Entries shown
= = = = =
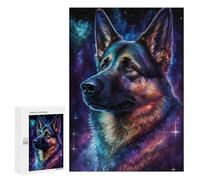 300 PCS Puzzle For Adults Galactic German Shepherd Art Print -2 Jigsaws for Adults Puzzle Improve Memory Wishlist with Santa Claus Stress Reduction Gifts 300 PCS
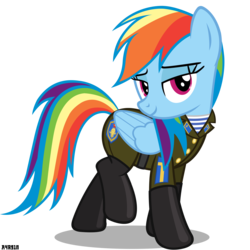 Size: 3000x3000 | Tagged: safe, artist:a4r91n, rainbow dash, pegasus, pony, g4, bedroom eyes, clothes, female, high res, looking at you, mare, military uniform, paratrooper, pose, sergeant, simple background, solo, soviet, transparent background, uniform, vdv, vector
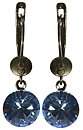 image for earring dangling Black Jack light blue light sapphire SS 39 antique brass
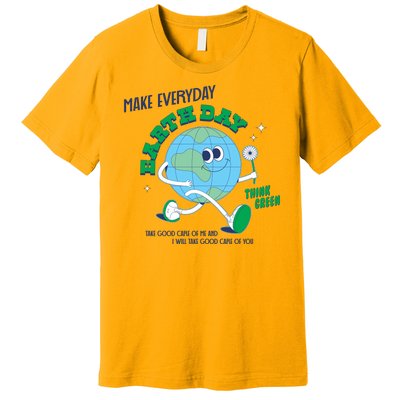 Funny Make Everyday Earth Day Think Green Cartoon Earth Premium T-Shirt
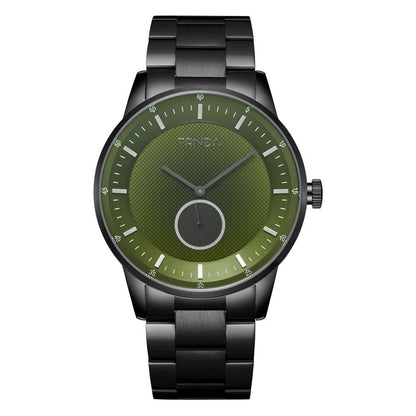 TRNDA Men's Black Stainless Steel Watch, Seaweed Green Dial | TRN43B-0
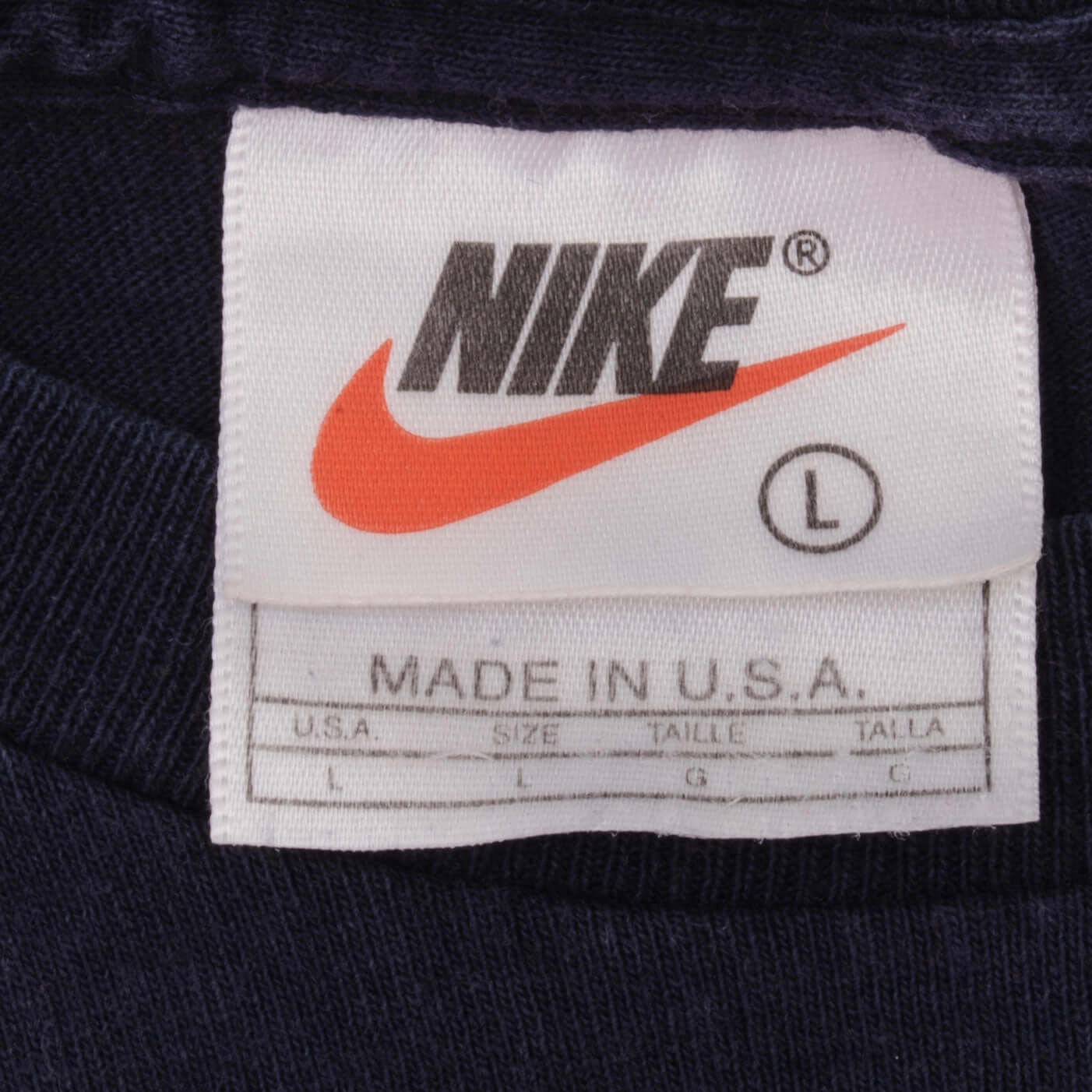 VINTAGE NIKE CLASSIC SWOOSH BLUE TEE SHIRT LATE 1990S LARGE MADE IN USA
= = = = =
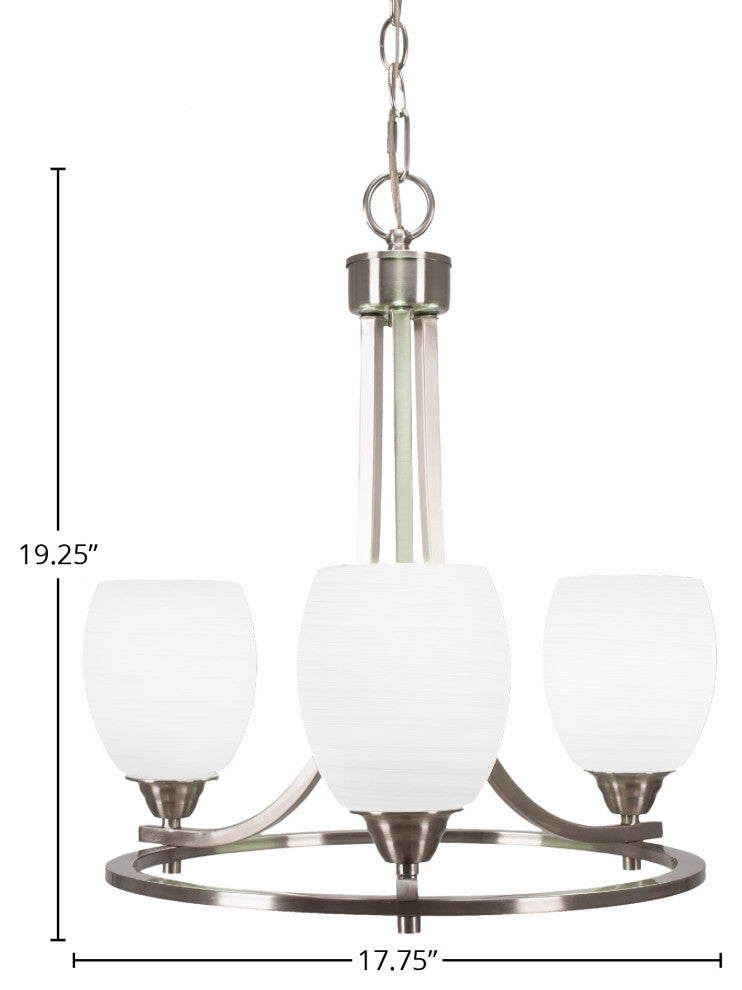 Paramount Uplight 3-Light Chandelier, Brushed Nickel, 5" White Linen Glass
= = = = =
Leaving pictures out, output the lines of the data above from the one with "300 PCS Puzzle" through the one with "VINTAGE NIKE CLASSIC", word for word.

 300 PCS Puzzle For Adults Galactic German Shepherd Art Print -2 Jigsaws for Adults Puzzle Improve Memory Wishlist with Santa Claus Stress Reduction Gifts 300 PCS
 Size: 3000x3000 | Tagged: safe, artist:a4r91n, rainbow dash, pegasus, pony, g4, bedroom eyes, clothes, female, high res, looking at you, mare, military uniform, paratrooper, pose, sergeant, simple background, solo, soviet, transparent background, uniform, vdv, vector
 image for earring dangling Black Jack light blue light sapphire SS 39 antique brass
 Funny Make Everyday Earth Day Think Green Cartoon Earth Premium T-Shirt
 TRNDA Men's Black Stainless Steel Watch, Seaweed Green Dial | TRN43B-0
 VINTAGE NIKE CLASSIC SWOOSH BLUE TEE SHIRT LATE 1990S LARGE MADE IN USA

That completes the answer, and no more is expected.